Computing the PLF and tree likelihood for candidate trees comprises the computational kernel of these tools. Since multiple tools use a common likelihood computation, Ayres et al., implemented a finely tuned implementation of the likelihood computation as a general-purpose library called BEAGLE [2]. BEAGLE supports CPU and GPU-based architectures, but does not yet support Field Programmable Gate Array (FPGA)-based architectures such as the Convey HC-1 [3]. In this paper, we describe our effort to add FPGA support to BEAGLE as well as the resultant performance.

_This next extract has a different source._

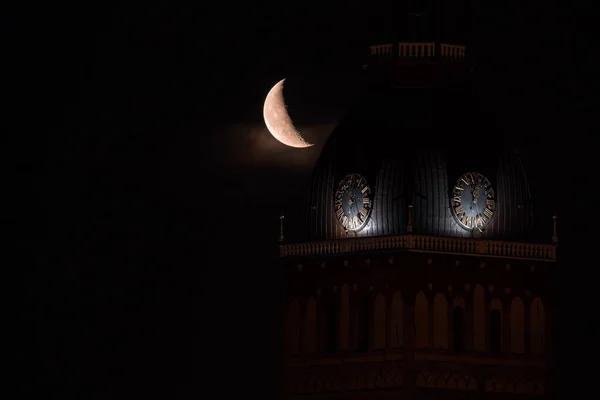 Beautiful Quarter Moon Riga Old Town Domes Cathedral Clock Night — Stock Photo, Image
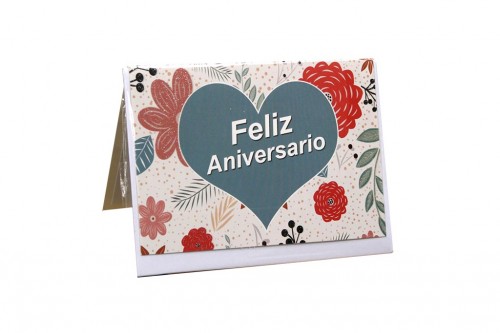 Tarjeta nuestro aniversario - turquesa floral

### Pseudocode 1: BEAGLE Kernel

*// for each nucleotide in the sequence perform the PLF to complete the four-column*

*// conditional likelihood table*

*h = 0;*

*for (k = 0; k < nsites; k++) {*

*State is {AA, AC, AG, AT, CA, CC, CG, CT, GA, GC, GG, GT, TA, TC, TG, TT};*

*Base is {A, C, G, T};*

*State = State.first;*

*for (i = 0; i < 4; i++) {*

*Base = Base.first;*

*sopL = sopR = 0;*

*for (j = 0; j < 4; j++) {*

*sopL = sopL + tipL[State] * clL[Base];*

*sopR = sopR + tipR[State] * clR[Base];*

*State = State.next;*

*Base = Base.next;*

*}*

*clP[h + i] = sopL * sopR;*

*}*

*// find the maximum of the previously computed values (scaler value)*

*scaler = 0;*

*for (i = 0; i < 4; i++)*

*if (clP[h + i] > scaler) scaler = clP[h + i];*

*// normalize the previously computed values*

*for (i = 0; i < 4; i++)*

*clP[h + i] = clP[h + i] / scaler;*

*// store the log of the scaler value and store in scP array*

*scP[k] = log(scaler);*

*// update the lnScaler array*

*lnScaler[k] = scP[k] * lnScaler[k];*

*// accumulate the log-likelihood value*

*condLike = 0;*

*for (i = 0; i < 4; i++)*

*condLike = condLike + bs[i] * clP[h + i];*

*lnL = lnL + numSites[k] * (lnScale[k] + log(condLike));*

*// increment counters*

*h = h + 4; clL = clL + 4; clR = clR + 4;*

*}*

*double log (double x) {*

*// initialize binary search*

*log_comp = −16;*

*coeff_set = 0;*

*coeff_incr = 8;*

*log_comp_incr = 8;*

*// perform a logarithmic binary search*

*for (i = 0;i < 4;i++) {*

*if (x < 10^log_comp) {*

*log_comp = log_comp - log_comp_incr;*

*} else {*

*log_comp = log_comp + log_comp_incr;*

*coeff_set = coeff_set + coeff_incr;*

*}*

*coeff_incr = coeff_incr / 2;*

*log_comp_incr = log_comp_incr / 2;*

*}*

*// compute the polynomial approximation*

*return_val = 0;*

*pow_x = 1.0;*

*for (i = 0; i < 5; i++) {*

*return_val + = return_val + coeff[coeff_set][i] * pow_x;*

*pow_x = pow_x * x;*

*}*

*return return_val;*

*}*

The natural log approximation is implemented as an order-5 polynomial where the coefficients are divided into 16 segments whose range scales logarithmically. The coefficients are computed using a Chebyshev approximation [10]. In all of our experiments, we verify that the results computed from our design, including the log approximation, are accurate to within 1% of the results delivered by BEAGLE.